Tan entrañable nos resultan que quizá no nos percatemos de que estamos ante uno de los fenómenos más relevantes de la música popular cubana en el siglo que se despide. Al menos en el plazo que les corresponde solo su impronta es igualable a la de la Nueva Trova y sus más conspicuos representantes, y a la espiral trazada por Chucho Valdés e Irakere en la irrefrenable actualización del jazz latino.
Históricamente Formell irrumpió en un momento clave, el final de unos 60 en los que se apreciaba un agotamiento de las formas músico-danzarias en el ámbito doméstico. Ciertas intenciones renovadoras que alguna vez, más allá de fervores nostálgicos habrá que revalorizar, como el pacá, el mozambique y el pilón, fueron promovidas episódicamente por mecanismos de difusión que se debatían entre el empuje de una oleada pop que nos llegó tardía y mediatizada y el aislamiento internacional de nuestra cultura musical, desgajada de lo que habían sido sus circuitos naturales a tenor con el nuevo mapa político de la década.
Formell comenzó a revolucionar la música desde uno de los islotes que mantenía una línea de contacto con los bailadores: la Orquesta Revé, una orquesta escuela, o si se le quiere llamar balón de ensayo, por la que ha pasado medio mundo. Pero necesariamente , para salir adelante con su proyecto, tenía que hacer su propia experiencia. Y esa fue Los Van Van. ¿Cuáles eran las fuentes de la renovación? Formell venía del entorno trovadoresco y había no solo trabajado con Revé en la reestructuración del changüí, sino también con Peruchín, el viejo Rubalcaba y Carlos Faxas.
Se hallaba permeado por el son y al mismo tiempo prestaba oído a la revolución beat a escala mundial. Su genio estuvo en condensar tradiciones y nuevas influencias en un sonido netamente cubano y permanentemente actualizado. Desde el punto de vista tímbrico, Formell concedió protagonismo al bajo eléctrico y a la batería dentro del formato característico de la charanga.
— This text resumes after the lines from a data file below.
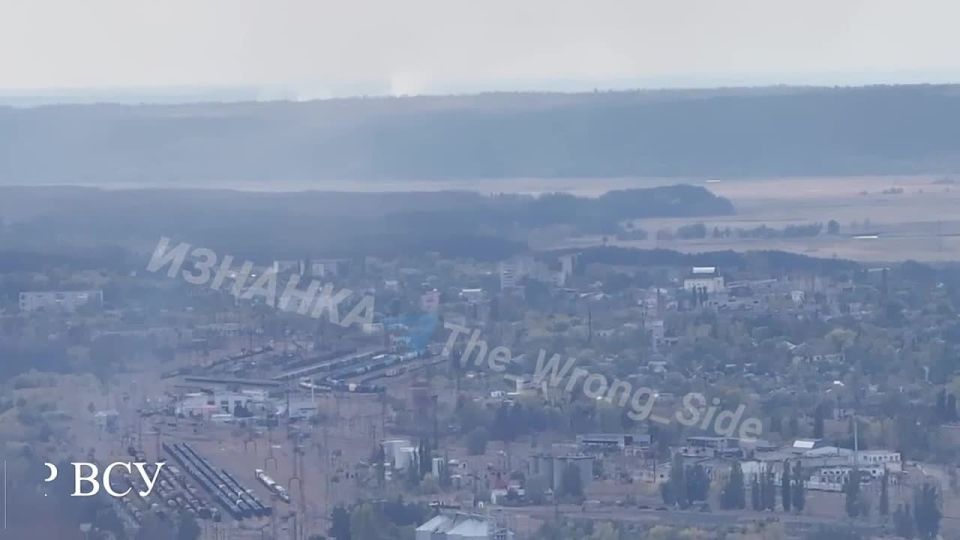 Прилеты ФАБ с УМПК по украинским позициям в Константиновке и Купянске-Узловом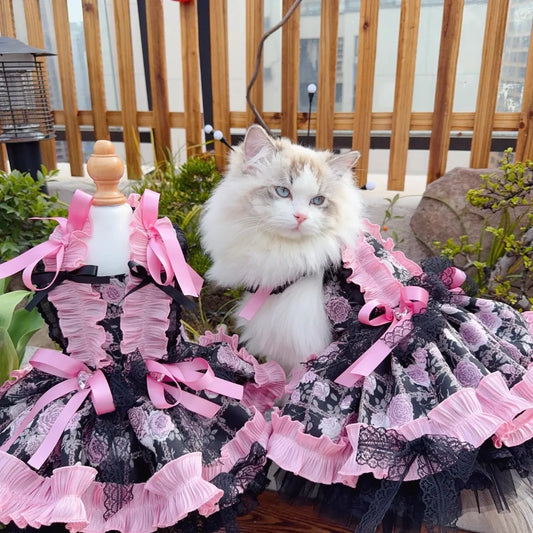 Chic Handmade Dog Dresses,Custom-Tailored Boutique Dresses
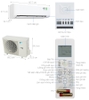 10TI Điều hòa treo tường Daikin 1 chiều 18000BTU inverter FTKZ50VVMV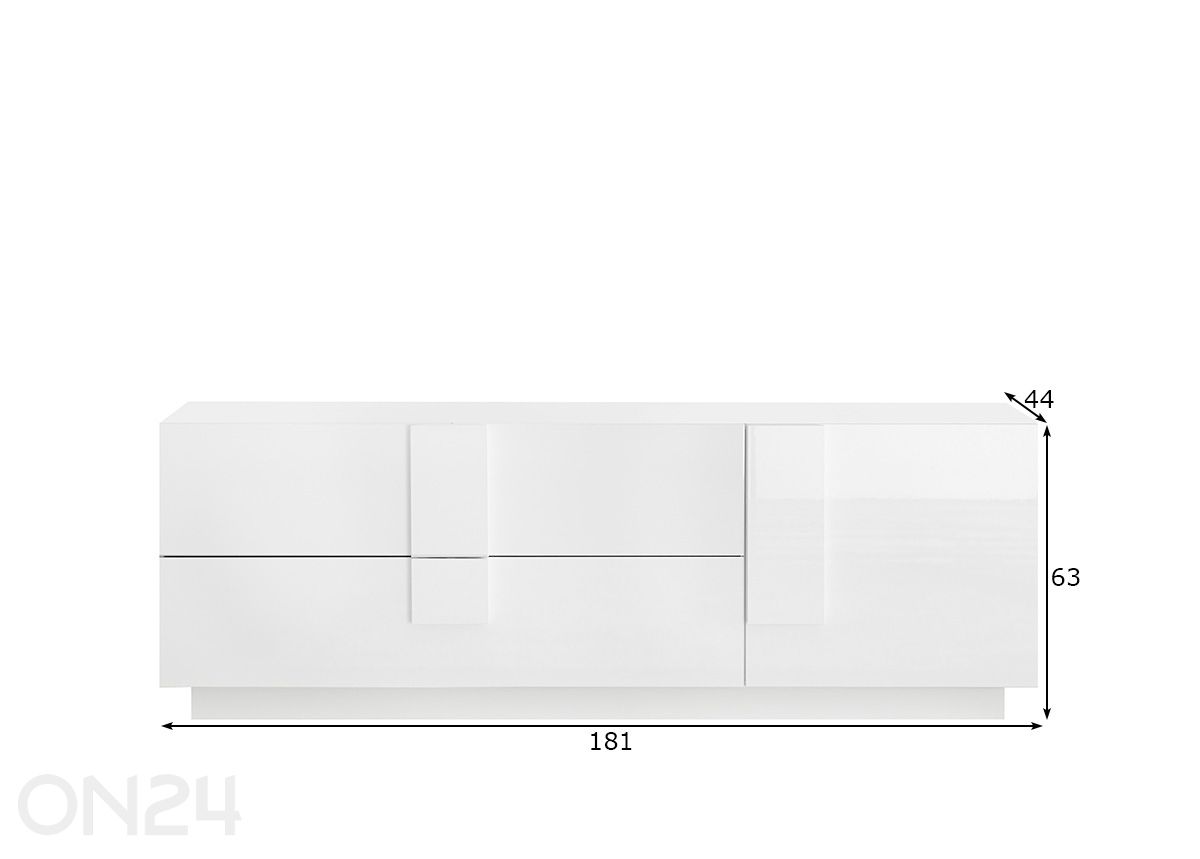 Подставка под ТВ Jupiter увеличить размеры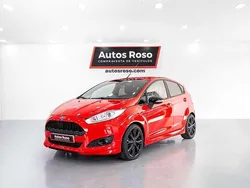 Rojo Usado 2017 Ford Fiesta Titanium Utilitario | 7990 € (Buen precio)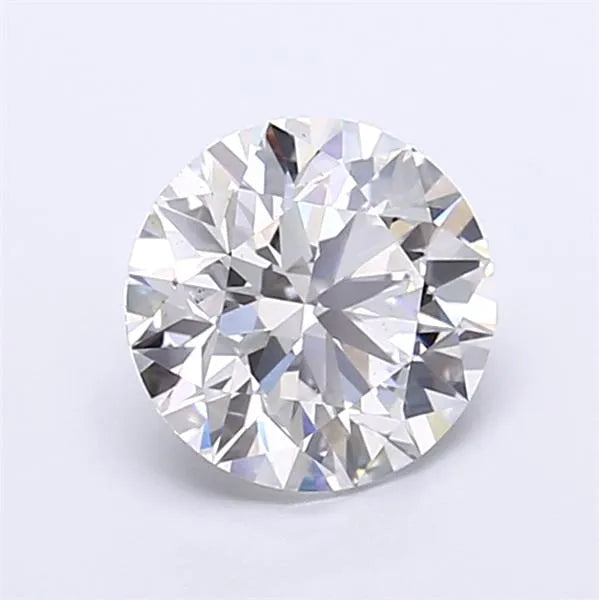 1.06ct Round Lab Grown Diamond (Colour E, Clarity SI1, Cut ID, IGI Certified)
Y cuando decidió reforzar la orquesta con una pareja de trombones, lo hizo al margen de los hallazgos de Willie Colón y Larry Harlow, a manera de contrapeso de las cuerdas. Hay que insistir en el papel de la batería y en la suerte de que el primer ocupante de esa posición por mucho tiempo haya sido un auténtico creador, Changuito Quintana.
Si el songo, primera credencial que ostentó ese nuevo modo de interpretar el son, fue mucho más que una etiqueta comercial, se debió a la unión de los talentos de Changuito y Formell. Y si Los Van Van han logrado mantenerse en la cresta de las inciertas olas de la popularidad, ha sido porque todos sus integrantes, los fundadores, los que han estado alguna vez en sus filas, los componentes actuales, han apostado por un modo de hacer y no por una moda.
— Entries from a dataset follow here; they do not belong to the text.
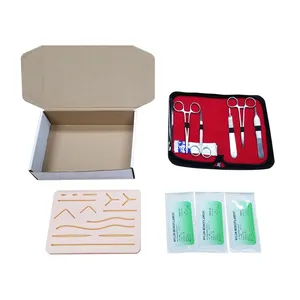 Surgical Training Suturing Model Suturing Kit For Medical Student Suture Practice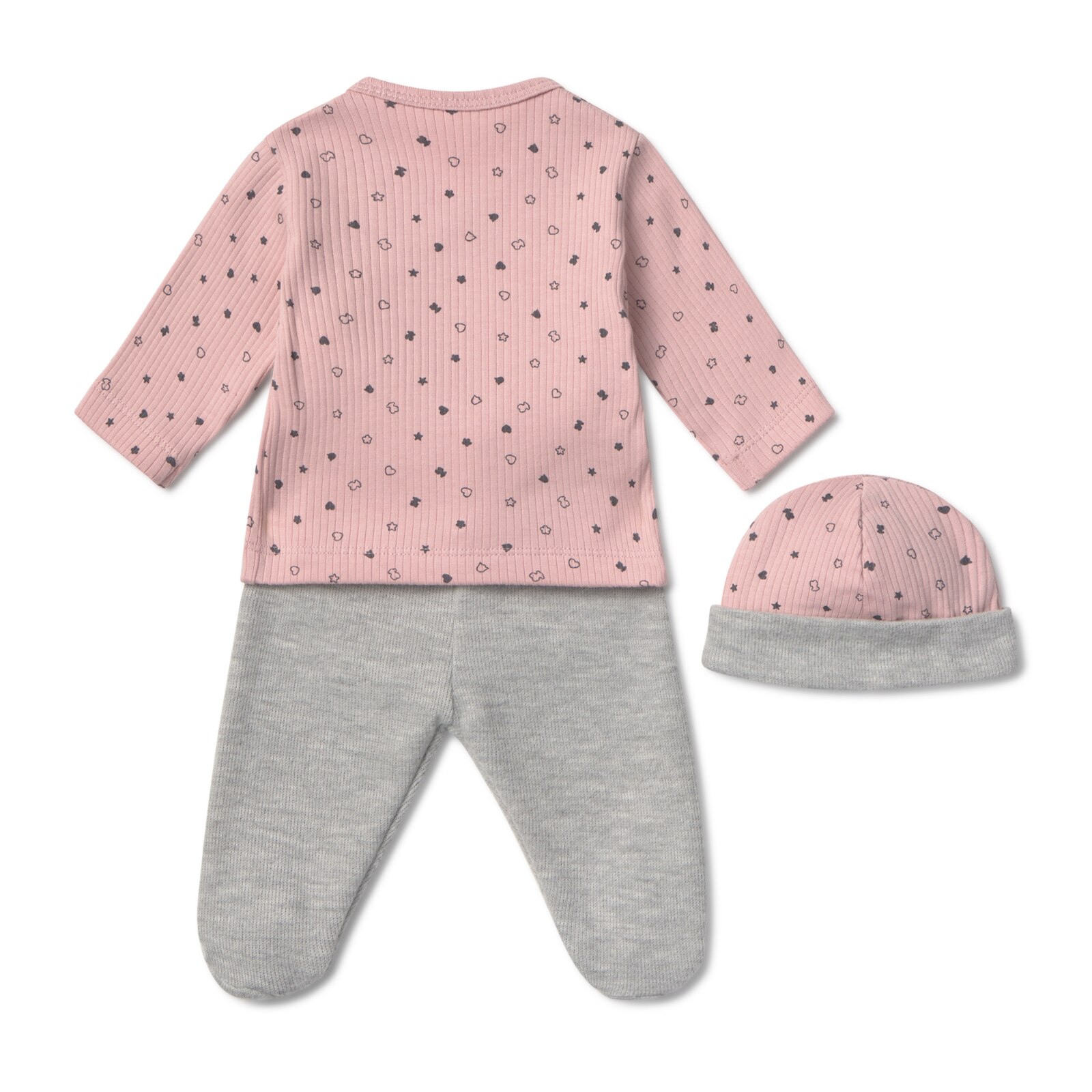 Conjunto de bebé de recién nacido Mini rosa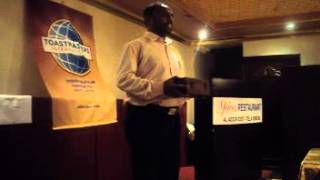 Table Topic Session in Jed Malayalam Toastmasters Club Meeting on 5314 [upl. by Ayikaz]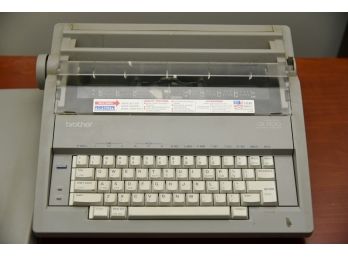 Brother GX-7500 Correcting Electronic Typewriter Daisy Wheel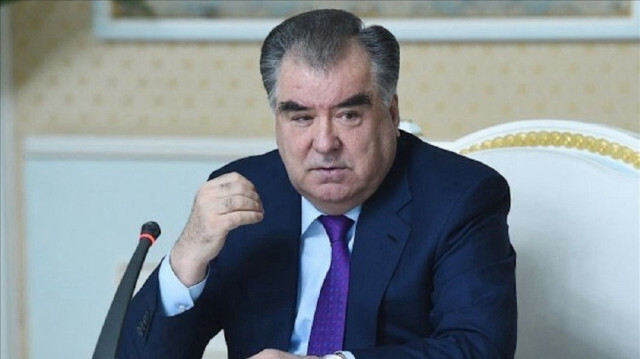 Tajik President Emomali Rahmon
De hecho, Formell con Los Van Van ha logrado lo que todo músico aspira: contar con un indiscutible sello de identidad. No hace falta tener el oído muy entrenado para advertir la presencia de la orquesta. Eso ha sucedido en Cuba con el Benny y el Conjunto Casino, con la Sonora Matancera y la Aragón, con Arcaño e Irakere. Y ha conseguido que cada obra suya o de otros compositores que han enriquecido su repertorio den testimonio de la Cuba de estos tiempos, no con la quietud displicente de un nuevo Landaluze, sino con la fidelidad de un cronista avispado.
De tal manera, a Los Van Van se les tiene en la reafirmación de lo que somos y lo que queremos ser, en el Eros y el Dionisos que llevamos por dentro, en el reflejo de nuestras exageraciones y picardías. Soy arere / soy conciencia /soy Orula, rezan los versos de Eloy Machado que Formell lanzó al mundo con su música. Ese podría ser el blasón de una orquesta que fue, es y será.